A. K.: Our choice probably fell on those, with whom we had or didn’t have a chance to collaborate and what we then considered interesting to try out. At the time when we began to compile this programme we had already performed quite a few works by young Lithuanian composers at various festivals and concerts and formed an opinion about them. That’s how we selected our ‘lucky six.’ All of those to whom we have extended our invitation instantly agreed to collaborate and expressed their eagerness. We had no intention to control their expression in any way because all of them are distinguished for individuality. Some use limited aleatory techniques, others demonstrate neoromantic tendencies – it is this colourful and stylistically varied array that is a major part of the appeal for us. We wanted to bring this diversity to the fore and show how broad is the range of work by Lithuanian composers. Meanwhile speaking of the context in which this album has arrived, the primary reason was quite predictable: the repertoire for violin and cello is rather scant not only in Lithuania, but in Western Europe as well; thus we aimed to expand our repertoire. We hope that by doing so we have contributed new works to the repertoires of other ensembles as well. In addition, it should be mentioned that our project Performa was initially audiovisual, developed in collaboration with the visual artist Lauryna Narkevičiūtė. Visuals add an extra dimension to the Performa, help stretch the boundaries of perception and sometimes even facilitate the understanding of music. In fact, Performa was our first project that has led us in new directions.
L. K.: It is also important to note that this programme is a dedication to Lithuania. At the time when it was in preparation, Arnas and I have been travelling extensively.
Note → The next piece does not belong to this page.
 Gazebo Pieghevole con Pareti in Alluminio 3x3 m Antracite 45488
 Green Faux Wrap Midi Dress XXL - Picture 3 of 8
Our geographical boundaries have widened substantially, while Lithuania remained so small and cute. Our wish was that the invited composers would choose some historical personality of a natural monument related to Lithuania. We sought to create a genuinely Lithuanian ‘product’ and hoped to represent the diversity of our contemporary music scene. Therefore our choice deliberately fell on both performative artists, like Arturas Bumšteinas, and more traditionally oriented composers.
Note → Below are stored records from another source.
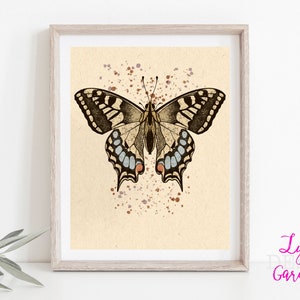 Butterfly wall art, swallowtail butterfly, digital art, entomology, nature lover, animal lover, gift, gift for her, download, painting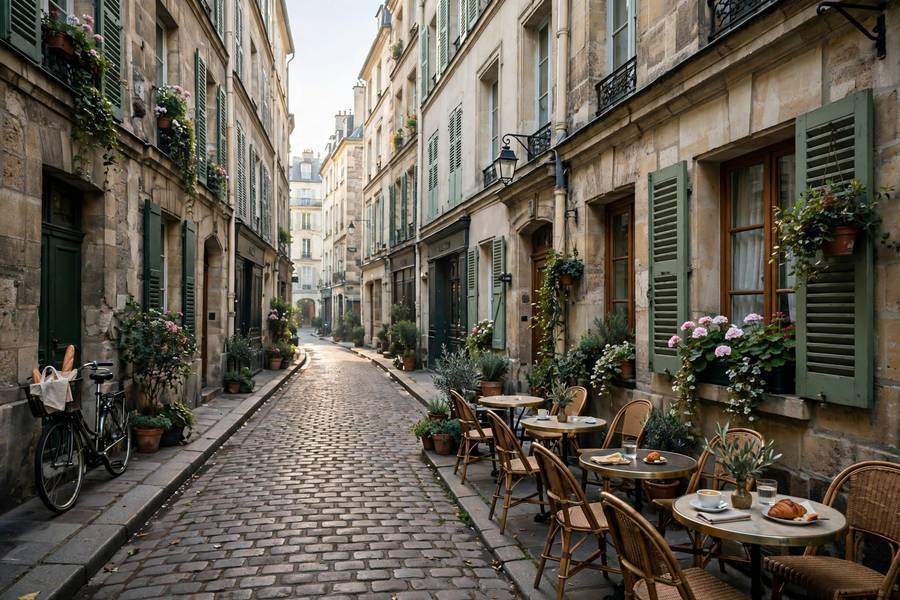 A quiet morning street in Le Marais, Paris — day two of a 3 days in Paris itinerary explores these neighborhoods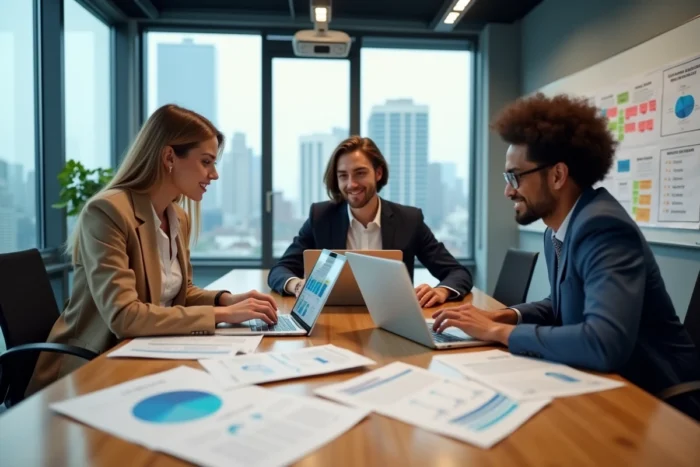 Équipe de professionnels collaborant autour de services digitaux innovants pour développer une entreprise en ligne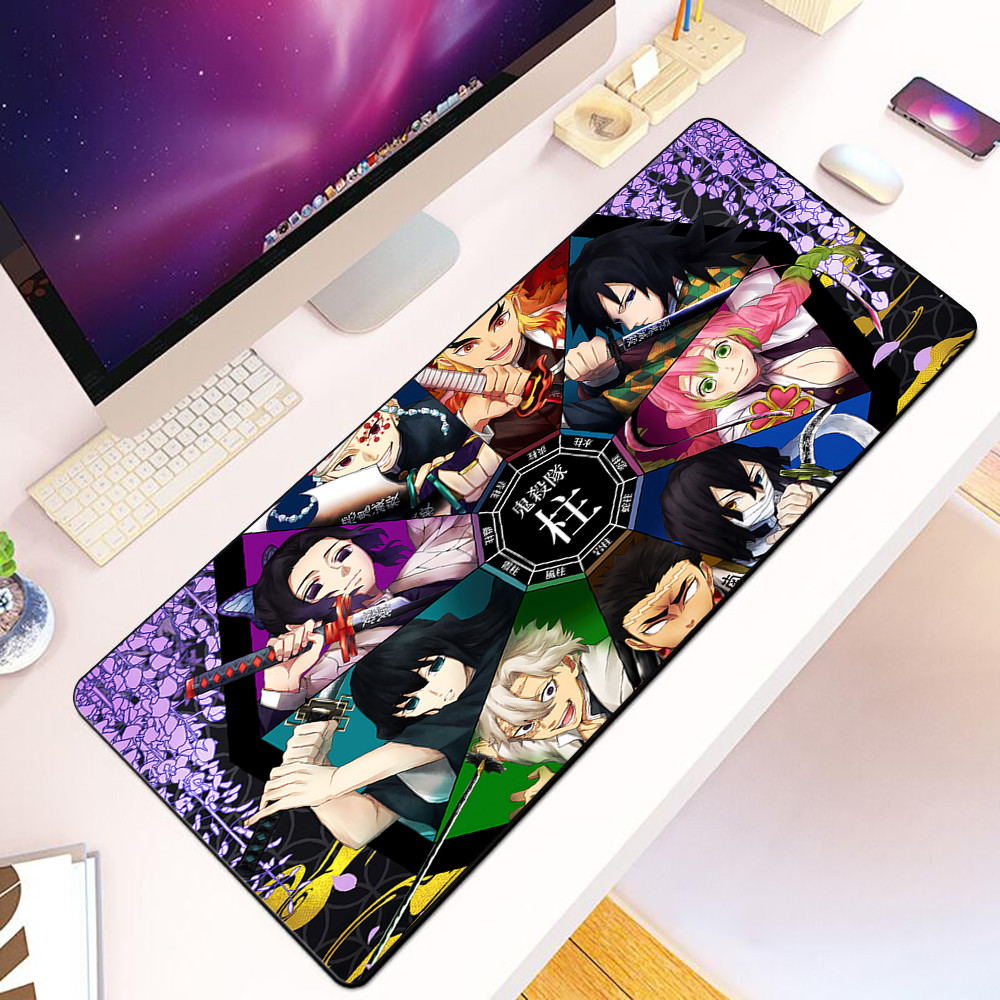 Anime Nhật Bản Demon Slayer Mousepad HD In Máy Tính Game Thủ Khóa Cạnh Chống Trơn Trượt Miếng Lót Chuột XXL90x40cm Bàn Phím PC Để Bàn Pad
A. K.: But the composers came first and only then we came up with the aforementioned idea. We have formulated the theme to provide a unifying thread, running through all these works – free enough to spark off creative impulses. As a matter of interest, Narkevičiūtė joined the project without hearing the pieces and created visuals based on their ideas. We haven’t seen the final picture of the whole project before the last rehearsals.
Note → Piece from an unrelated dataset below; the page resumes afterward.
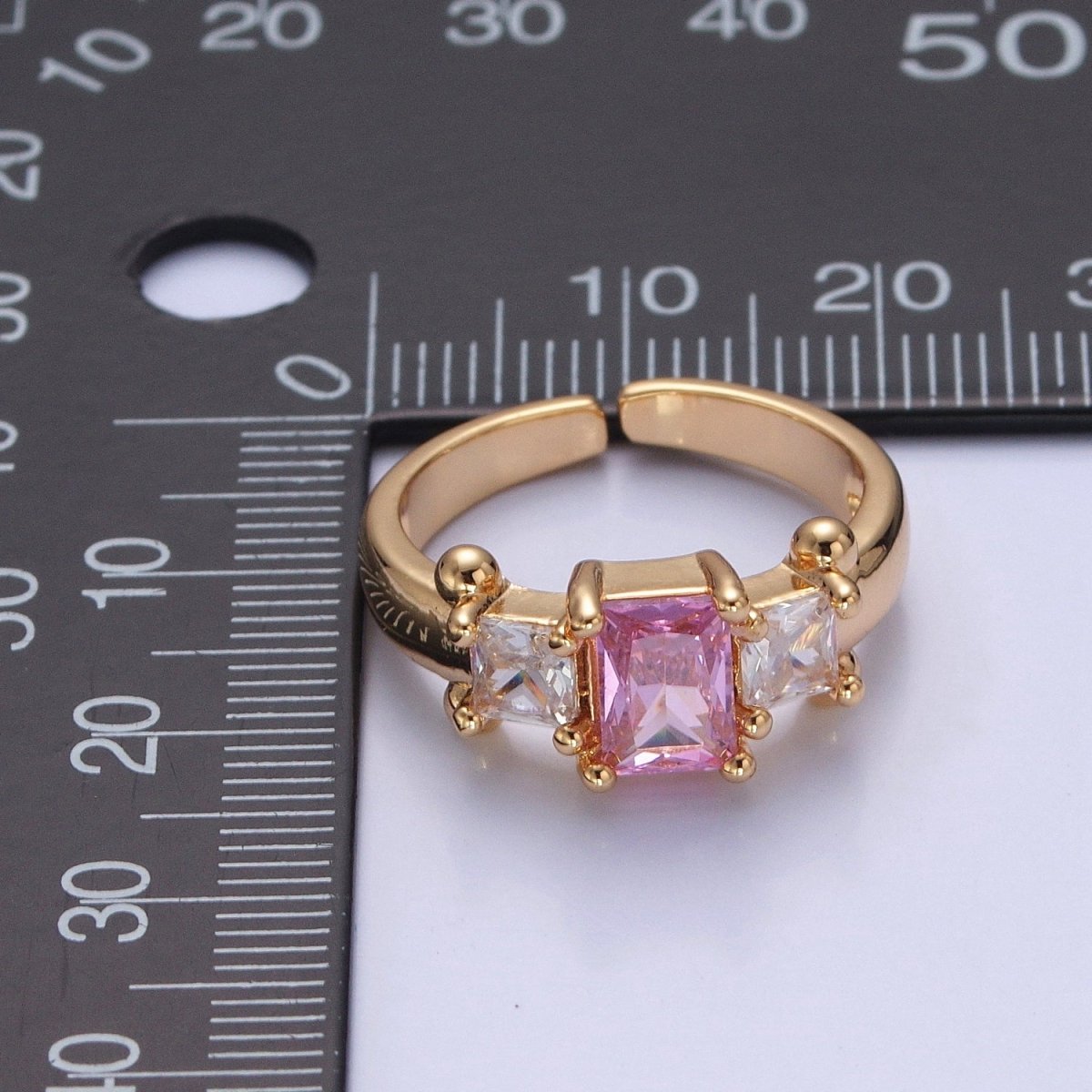 24K Gold Filled Baguette Square Cubic Zirconia CZ Promise Ring O-2272 O-2273 O-2274 O-2275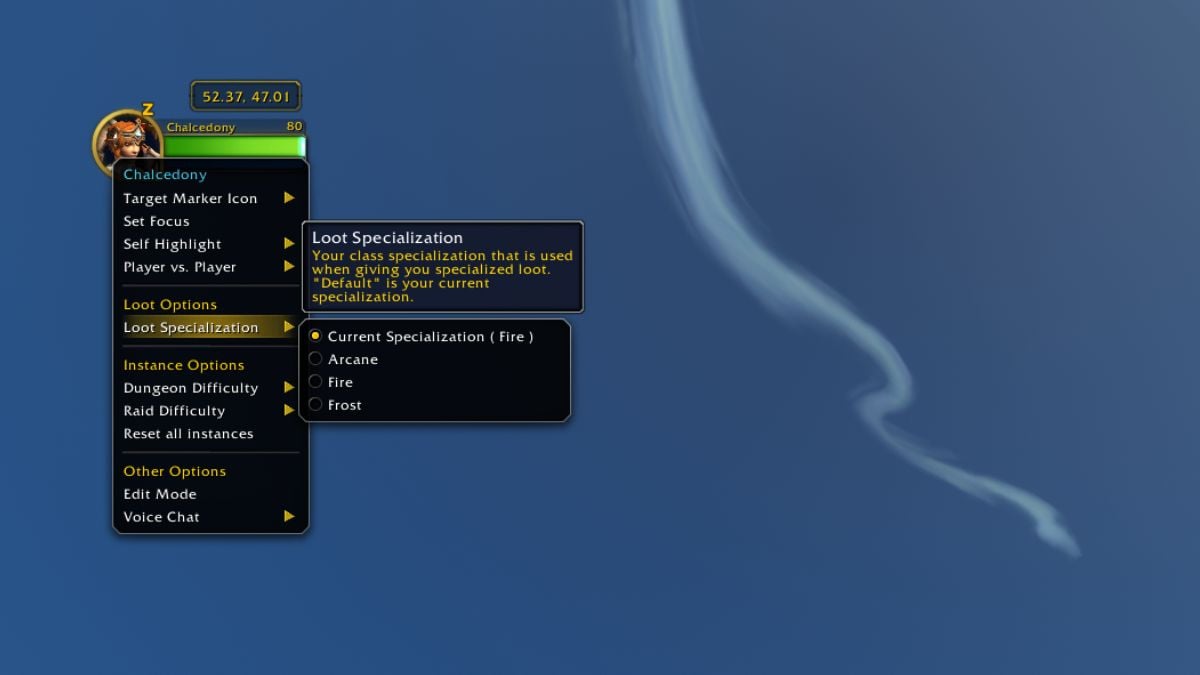 Change specialization in World of Warcraft.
L. K.: This question is hard to answer. Performative, atonal, experimental sound world of Arturas Bumšteinas is very distinct from the minimal style of Julius Aglinskas whose music fares well with but a few sounds. Mykolas Natalevičius and Dominykas Digimas might seem similar in some ways: both composers employ electronics as their main medium, from which all other kinds of music stem. I can easily audialize the ultra high pitched tones used by Rūta Vitkauskaitė, which may be painful to the ear, unlike the consonant tranquillity of Aglinskas.
A. K.: In case with Lithuanian music, just like with Lithuanian cinema, there is a widespread clichéd view that it is predominantly uniform and monotonous. True, some southern people, like Spaniards and Italians, are known to possess quick temper and their music is distinguished for fiery rhythms and powerful expression. Our composers may lack these qualities, but it doesn’t make their music sound the same. Overall, all works in Performa form one continuous mood, even though each was written using different techniques and placed in the album according to the principle of contrast that accentuates differences and with a thematic arch between the beginning and the end. Of course, we may notice certain similarities between Digimas and Natalevičius, or maybe also between Vitkauskaitė and Digimas. For me there is also a thread, binding works by Vitkauskaitė and Aglinskas, experimental techniques employed by Maslekovas and an ambient quality of Natalevičius’ music. But people will listen and decide for themselves whether these works are different or not for them.
L. K.: Well, there is no place for character dances in this album, that’s for sure.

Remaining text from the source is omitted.